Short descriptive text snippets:
------

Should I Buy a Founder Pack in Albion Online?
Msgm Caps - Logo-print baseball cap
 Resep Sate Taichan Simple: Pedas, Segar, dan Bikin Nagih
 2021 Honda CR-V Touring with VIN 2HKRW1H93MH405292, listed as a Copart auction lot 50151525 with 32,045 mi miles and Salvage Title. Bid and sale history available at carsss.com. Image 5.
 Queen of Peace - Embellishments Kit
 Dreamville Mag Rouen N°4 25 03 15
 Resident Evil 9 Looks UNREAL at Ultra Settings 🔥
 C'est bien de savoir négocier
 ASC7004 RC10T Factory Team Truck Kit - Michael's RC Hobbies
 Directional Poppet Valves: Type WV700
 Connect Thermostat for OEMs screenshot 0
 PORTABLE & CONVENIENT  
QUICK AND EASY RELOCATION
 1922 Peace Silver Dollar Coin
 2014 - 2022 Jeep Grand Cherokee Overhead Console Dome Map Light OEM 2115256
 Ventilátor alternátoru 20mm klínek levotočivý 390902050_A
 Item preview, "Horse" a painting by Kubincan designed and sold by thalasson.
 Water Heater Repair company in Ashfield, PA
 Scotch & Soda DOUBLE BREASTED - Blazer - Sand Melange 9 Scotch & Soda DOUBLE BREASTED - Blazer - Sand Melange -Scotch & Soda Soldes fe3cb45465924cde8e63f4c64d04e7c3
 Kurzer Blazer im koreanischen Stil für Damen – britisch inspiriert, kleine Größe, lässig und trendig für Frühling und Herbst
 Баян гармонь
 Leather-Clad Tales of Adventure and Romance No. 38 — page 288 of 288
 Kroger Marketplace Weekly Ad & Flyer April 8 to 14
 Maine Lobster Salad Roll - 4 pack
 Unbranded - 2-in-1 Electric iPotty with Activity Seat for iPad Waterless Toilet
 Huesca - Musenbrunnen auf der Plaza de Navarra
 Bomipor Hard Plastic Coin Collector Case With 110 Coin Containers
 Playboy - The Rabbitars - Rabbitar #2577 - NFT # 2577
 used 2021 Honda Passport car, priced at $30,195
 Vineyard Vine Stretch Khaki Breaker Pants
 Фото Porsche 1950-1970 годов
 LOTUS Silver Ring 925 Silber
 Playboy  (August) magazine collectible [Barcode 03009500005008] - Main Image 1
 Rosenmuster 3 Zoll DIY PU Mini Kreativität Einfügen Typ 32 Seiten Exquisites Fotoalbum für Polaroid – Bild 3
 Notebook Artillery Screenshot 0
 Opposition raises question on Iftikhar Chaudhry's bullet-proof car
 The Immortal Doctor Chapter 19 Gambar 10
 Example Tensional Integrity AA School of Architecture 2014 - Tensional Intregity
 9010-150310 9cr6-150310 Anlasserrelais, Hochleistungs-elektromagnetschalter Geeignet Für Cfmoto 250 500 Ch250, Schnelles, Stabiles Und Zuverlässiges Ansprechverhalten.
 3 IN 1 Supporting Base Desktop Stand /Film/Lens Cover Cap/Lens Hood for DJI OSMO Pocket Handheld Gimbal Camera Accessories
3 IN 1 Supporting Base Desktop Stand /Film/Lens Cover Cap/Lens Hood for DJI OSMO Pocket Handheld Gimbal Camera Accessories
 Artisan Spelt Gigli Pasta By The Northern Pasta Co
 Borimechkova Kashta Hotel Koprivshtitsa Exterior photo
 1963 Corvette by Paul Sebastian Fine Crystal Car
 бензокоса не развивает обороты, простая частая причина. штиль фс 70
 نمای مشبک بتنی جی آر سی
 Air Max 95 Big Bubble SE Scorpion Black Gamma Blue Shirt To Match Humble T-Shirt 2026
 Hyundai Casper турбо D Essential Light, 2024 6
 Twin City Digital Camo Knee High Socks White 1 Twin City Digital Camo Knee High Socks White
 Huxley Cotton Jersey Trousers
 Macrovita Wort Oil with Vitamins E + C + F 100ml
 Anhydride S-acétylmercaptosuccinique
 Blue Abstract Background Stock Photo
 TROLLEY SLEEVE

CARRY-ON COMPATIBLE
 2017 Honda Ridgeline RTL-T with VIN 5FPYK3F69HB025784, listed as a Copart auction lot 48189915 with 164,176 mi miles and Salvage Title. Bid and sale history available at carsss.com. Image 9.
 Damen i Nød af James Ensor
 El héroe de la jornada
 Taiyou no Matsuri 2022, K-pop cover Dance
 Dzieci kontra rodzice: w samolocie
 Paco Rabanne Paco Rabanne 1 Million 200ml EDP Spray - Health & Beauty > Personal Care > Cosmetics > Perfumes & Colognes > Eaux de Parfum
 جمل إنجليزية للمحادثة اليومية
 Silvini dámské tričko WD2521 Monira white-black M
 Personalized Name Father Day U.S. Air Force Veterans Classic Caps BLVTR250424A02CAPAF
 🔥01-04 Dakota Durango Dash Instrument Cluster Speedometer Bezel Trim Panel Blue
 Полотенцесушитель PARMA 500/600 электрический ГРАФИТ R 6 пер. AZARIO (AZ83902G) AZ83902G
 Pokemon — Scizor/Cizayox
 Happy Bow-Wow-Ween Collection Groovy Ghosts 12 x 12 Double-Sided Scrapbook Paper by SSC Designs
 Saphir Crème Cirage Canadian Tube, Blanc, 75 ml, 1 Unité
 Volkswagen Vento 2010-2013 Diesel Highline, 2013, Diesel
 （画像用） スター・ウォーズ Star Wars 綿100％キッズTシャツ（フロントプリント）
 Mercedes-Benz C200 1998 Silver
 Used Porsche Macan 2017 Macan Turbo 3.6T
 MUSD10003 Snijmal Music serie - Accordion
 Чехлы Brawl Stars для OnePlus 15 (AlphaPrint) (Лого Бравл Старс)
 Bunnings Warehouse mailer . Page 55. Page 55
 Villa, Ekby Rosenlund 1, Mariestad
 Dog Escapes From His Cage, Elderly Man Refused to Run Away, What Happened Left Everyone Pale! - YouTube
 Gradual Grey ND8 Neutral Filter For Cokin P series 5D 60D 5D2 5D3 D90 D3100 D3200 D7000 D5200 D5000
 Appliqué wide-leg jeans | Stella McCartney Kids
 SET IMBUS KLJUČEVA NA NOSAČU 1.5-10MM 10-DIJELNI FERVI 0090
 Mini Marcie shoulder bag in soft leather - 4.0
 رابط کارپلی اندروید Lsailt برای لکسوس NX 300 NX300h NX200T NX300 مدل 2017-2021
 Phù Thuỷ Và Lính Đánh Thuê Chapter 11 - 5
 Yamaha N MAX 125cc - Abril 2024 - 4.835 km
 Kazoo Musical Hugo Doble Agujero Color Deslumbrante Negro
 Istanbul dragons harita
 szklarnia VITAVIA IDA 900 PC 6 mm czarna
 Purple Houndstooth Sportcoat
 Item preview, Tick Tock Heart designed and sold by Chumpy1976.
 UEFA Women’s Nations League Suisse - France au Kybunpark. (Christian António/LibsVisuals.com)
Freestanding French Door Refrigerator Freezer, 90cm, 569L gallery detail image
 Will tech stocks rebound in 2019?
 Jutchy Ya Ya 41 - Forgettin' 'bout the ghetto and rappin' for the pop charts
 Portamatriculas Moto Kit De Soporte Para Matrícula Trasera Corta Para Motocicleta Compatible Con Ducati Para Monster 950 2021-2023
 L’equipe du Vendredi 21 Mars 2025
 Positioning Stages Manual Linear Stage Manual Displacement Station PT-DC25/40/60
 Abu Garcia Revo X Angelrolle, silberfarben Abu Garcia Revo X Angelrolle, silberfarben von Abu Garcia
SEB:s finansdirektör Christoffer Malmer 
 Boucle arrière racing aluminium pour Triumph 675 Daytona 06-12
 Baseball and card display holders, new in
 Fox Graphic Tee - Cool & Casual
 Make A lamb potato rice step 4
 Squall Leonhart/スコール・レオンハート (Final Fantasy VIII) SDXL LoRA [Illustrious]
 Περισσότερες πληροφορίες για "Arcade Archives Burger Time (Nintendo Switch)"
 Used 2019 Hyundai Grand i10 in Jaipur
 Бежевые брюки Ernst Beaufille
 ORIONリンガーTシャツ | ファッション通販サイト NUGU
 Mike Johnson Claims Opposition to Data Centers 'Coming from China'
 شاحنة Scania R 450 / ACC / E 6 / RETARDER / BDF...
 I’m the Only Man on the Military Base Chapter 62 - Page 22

------

TASK ITEM:
Copy the lines of the data above exactly as written, beginning with the line containing "Taiyou no Matsuri 2022, K-pop cover Dance" and ending with the line containing "Dog Escapes From", and leave out all other lines.

RESPONSE TO THIS EXERCISE:
 Taiyou no Matsuri 2022, K-pop cover Dance
 Dzieci kontra rodzice: w samolocie
 Paco Rabanne Paco Rabanne 1 Million 200ml EDP Spray - Health & Beauty > Personal Care > Cosmetics > Perfumes & Colognes > Eaux de Parfum
 جمل إنجليزية للمحادثة اليومية
 Silvini dámské tričko WD2521 Monira white-black M
 Personalized Name Father Day U.S. Air Force Veterans Classic Caps BLVTR250424A02CAPAF
 🔥01-04 Dakota Durango Dash Instrument Cluster Speedometer Bezel Trim Panel Blue
 Полотенцесушитель PARMA 500/600 электрический ГРАФИТ R 6 пер. AZARIO (AZ83902G) AZ83902G
 Pokemon — Scizor/Cizayox
 Happy Bow-Wow-Ween Collection Groovy Ghosts 12 x 12 Double-Sided Scrapbook Paper by SSC Designs
 Saphir Crème Cirage Canadian Tube, Blanc, 75 ml, 1 Unité
 Volkswagen Vento 2010-2013 Diesel Highline, 2013, Diesel
 （画像用） スター・ウォーズ Star Wars 綿100％キッズTシャツ（フロントプリント）
 Mercedes-Benz C200 1998 Silver
 Used Porsche Macan 2017 Macan Turbo 3.6T
 MUSD10003 Snijmal Music serie - Accordion
 Чехлы Brawl Stars для OnePlus 15 (AlphaPrint) (Лого Бравл Старс)
 Bunnings Warehouse mailer . Page 55. Page 55
 Villa, Ekby Rosenlund 1, Mariestad
 Dog Escapes From His Cage, Elderly Man Refused to Run Away, What Happened Left Everyone Pale! - YouTube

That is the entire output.